Citation from: http://lcweb.loc.gov/marc/marbi/1998/98-18.html

This note follows the terminology practice of international standards that refer to a sequence of eight bits as an octet rather than a byte, even though in today's world a byte is almost always an octet.

Unicode (trademark) is the coded character set now defined by The Unicode Standard, Version 2.0, but it should be understood to include later versions as they result from the process of maintaining the exact correspondence of character repertoire and code point assignments with ISO/IEC 10646. Though they are identical in those respects, Unicode differs from ISO/IEC 10646 in defining character semantics and properties to facilitate interoperability between conformant applications. These definitions, incorporated in The Unicode Standard, Version 2.0, are an integral part of the concept of Unicode.

ISO/IEC 10646, the Universal Character Set (UCS) standard, defines two forms of encoding. The more capacious requires 31-bits per character, permitting the definition of a very large repertoire. Because a 31-bit character occupies four octets, this form is known as UCS-4. The other form requires 16 bits (two octets) per
character; hence it is called UCS-2. The 65,535 values that can be represented in UCS-2 are enough to encompass most of the characters used in contemporary languages, and UCS code values for them have been assigned in that range. The set of possible UCS-2 values therefore has another name, the Basic Multilingual Plane (BMP) of the UCS.

No UCS character assignments outside the BMP have been made. The character repertoires and code value assignments in the BMP and in Unicode are the same.
In this sense Unicode and the UCS BMP are effectively synonymous. Unicode includes a stratagem, "surrogates," that can provide access to roughly a million non-BMP characters that may be assigned in the future. Such assignments are likely as coverage of ideographs becomes more comprehensive.

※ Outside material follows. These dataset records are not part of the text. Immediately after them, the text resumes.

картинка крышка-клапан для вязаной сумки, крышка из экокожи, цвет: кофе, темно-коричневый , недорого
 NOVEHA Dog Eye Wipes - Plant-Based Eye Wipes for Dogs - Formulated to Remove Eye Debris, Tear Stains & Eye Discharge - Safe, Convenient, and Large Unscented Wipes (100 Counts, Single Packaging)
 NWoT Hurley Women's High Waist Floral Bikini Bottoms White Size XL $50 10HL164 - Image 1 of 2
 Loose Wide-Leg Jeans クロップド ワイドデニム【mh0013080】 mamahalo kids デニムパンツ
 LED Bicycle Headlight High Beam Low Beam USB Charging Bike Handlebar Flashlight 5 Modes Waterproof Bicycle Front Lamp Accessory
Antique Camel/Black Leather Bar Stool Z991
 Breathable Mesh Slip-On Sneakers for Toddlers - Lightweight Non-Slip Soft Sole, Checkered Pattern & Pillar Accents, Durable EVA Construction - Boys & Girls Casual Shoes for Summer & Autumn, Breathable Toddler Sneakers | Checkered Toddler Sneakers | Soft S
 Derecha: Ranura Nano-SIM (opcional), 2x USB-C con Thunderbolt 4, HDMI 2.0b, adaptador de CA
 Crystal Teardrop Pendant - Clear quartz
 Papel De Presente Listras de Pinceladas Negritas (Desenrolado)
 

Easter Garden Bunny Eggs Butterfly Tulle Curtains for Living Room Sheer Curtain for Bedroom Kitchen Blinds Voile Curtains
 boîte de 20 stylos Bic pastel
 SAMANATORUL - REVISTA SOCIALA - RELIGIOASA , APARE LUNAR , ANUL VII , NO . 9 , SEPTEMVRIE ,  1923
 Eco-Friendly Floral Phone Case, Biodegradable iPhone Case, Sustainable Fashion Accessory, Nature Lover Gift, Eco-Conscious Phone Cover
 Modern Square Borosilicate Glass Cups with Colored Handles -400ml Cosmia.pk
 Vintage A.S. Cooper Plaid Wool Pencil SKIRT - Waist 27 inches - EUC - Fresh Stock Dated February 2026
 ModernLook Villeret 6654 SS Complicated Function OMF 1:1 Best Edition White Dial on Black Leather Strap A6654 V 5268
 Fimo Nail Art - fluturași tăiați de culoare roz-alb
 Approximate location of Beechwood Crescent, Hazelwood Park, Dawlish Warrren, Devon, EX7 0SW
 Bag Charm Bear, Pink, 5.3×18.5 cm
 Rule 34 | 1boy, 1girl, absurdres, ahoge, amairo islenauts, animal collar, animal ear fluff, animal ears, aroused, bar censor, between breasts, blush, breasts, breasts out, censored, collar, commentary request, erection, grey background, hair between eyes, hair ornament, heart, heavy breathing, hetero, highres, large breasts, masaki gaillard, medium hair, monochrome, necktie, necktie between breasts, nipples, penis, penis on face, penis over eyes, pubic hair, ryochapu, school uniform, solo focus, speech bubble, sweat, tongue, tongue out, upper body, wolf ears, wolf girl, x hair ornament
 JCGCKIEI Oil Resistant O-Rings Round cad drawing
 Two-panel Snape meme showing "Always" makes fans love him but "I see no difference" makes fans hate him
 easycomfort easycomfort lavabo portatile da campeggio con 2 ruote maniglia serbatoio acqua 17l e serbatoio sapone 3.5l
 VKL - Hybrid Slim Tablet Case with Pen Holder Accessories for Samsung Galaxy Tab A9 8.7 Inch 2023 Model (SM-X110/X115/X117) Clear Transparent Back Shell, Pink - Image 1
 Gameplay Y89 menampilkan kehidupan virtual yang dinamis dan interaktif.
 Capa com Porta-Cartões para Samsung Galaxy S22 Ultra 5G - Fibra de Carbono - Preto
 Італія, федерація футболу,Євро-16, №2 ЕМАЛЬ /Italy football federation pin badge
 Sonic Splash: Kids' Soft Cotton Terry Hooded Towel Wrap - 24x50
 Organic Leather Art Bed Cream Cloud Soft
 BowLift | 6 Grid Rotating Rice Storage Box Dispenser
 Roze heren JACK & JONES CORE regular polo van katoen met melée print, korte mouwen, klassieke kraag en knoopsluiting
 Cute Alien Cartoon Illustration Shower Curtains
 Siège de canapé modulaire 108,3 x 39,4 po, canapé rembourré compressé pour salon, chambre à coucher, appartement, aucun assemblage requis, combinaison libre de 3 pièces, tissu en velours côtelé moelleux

Another ISO/IEC 10646 concept is the UCS Transformation Format (UTF). UTFs are alternative representations of UCS-4 and UCS-2. They are designed to enable communication protocols to transfer UCS data without confusion or loss. A feature of UTF representation is that not all characters require the same number of bits.

UTF-16 expresses a UCS character as a sequence of one or more 16-bit sequences. This format is a "transformation" only for characters that cannot be represented in UCS- 2. For those that can, the UCS-2 and UTF-16 encodings are identical.

UTF-8 provides for safe transmission in 8-bit environments, such as the Internet. It expresses a character as one or more octets. ASCII characters require a single octet. Other BMP characters require two or three. An 8-bit ASCII character and its UTF-8 encoded value are identical.

UTF-7, devised to support 7-bit transfer protocols such as MIME, also expresses characters as sequences of octets but necessarily uses a more restrictive rule than UTF-8 about what each octet can contain.

USM-94. During its deliberation, the task force found it convenient to have a concise way to refer to the USMARC character repertoire and encoding that are currently in use; that is, to abbreviate "the ASCII and ANSEL character sets (except for certain ANSEL characters,) special escape sequences for a limited set of
subscripts, superscripts, and Greek letters, and the ISO 2022 (X3.41) escape sequences for Arabic, Cyrillic, Hebrew and CJK, and the character sets to which those sequences provide access." The term USM-94 has been coined for this purpose.